Write this post prompted me to
post about nuts . Unfortunately, I did not read the book to which the author refers, but still I allow myself to discuss this topic in some way.
An experiment is proposed in which people measure the amount of nuts in a pot. There are many nuts and they do not lie neatly, so it is rather difficult to measure exactly their number. And here begins the special magic.
')
This task was solved starting from the 17th century and is still being solved a million times a day, namely, determining the degree of reliability of measurement. Why is the example with nuts good? Because it is there that one can show all kinds of measurement errors and analyze the occurrence, as well as indicate ways to reduce the error.
So, the errors are divided into three types:
1.
Random error - an error that varies (in magnitude and in sign) from measurement to measurement.

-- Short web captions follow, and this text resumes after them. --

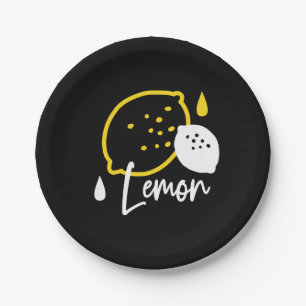 Abstract Lemon Illustration – Fresh Citrus Art Paper Plates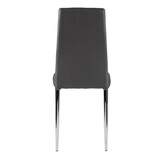Design Eetkamerstoelen Set - 4 Moderne Stoelen - Grijs Kunstleer met Stiksel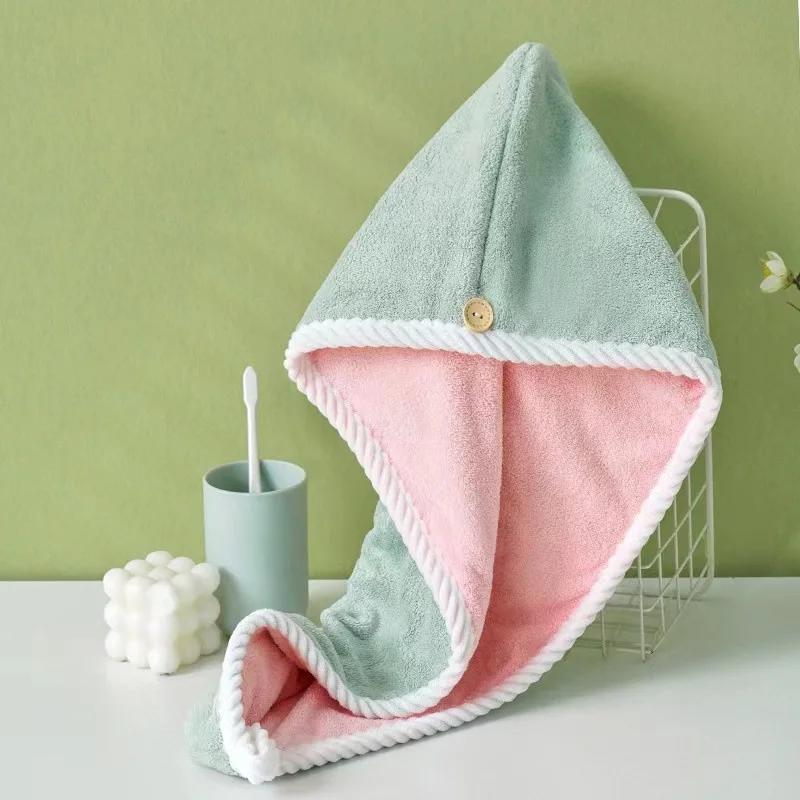 Coral Plush Dry Hair Cap Double Layered Thickened Women Water Absorbing Quick Drying Hair Wiping Towel Bath Cap Headband Towels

It can be caused by both the imperfection of the device and the imperfection of the measured system itself.
In our case: it is clear that it is difficult to count a large number of nuts on the screen, it is easy to make a mistake (brain imperfection) or the option that there are several pictures and they randomly change, then different people consider different real numbers of nuts.2.
Systematic error - an error that varies in time according to a certain law (a particular case is a constant error that does not change over time (less than the division of the device can not be measured)). Systematic errors may be associated with instrument errors (wrong scale, calibration, etc.) not considered by the experimenter.

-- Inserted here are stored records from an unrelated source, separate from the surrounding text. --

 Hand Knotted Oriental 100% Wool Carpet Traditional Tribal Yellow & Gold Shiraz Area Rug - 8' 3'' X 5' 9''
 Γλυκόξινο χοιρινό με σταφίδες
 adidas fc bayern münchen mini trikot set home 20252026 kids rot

In our case, this assumption by some users of the fact that in fact it is not a plate, but a vase, where there are still a lot of nuts.3.

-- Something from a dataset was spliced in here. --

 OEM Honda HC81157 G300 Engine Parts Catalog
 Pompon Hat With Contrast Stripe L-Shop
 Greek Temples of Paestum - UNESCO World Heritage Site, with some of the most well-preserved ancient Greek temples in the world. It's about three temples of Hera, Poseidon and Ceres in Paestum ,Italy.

Rough error - the error resulting from a violation of the methodology of the experiment. In scientific jargon: emissions
, this is exactly those 99999999 or the question about human-like robots to the President.But the errors are, of course, very good, but we need to always know the exact measured value. So, to know exactly how much of what in the continuum system is not possible. Nuts either 100 or 101, but 100cm does not happen. Therefore, everything to which we should strive to reduce this error, and in order to reduce it, one must know the enemy by sight :)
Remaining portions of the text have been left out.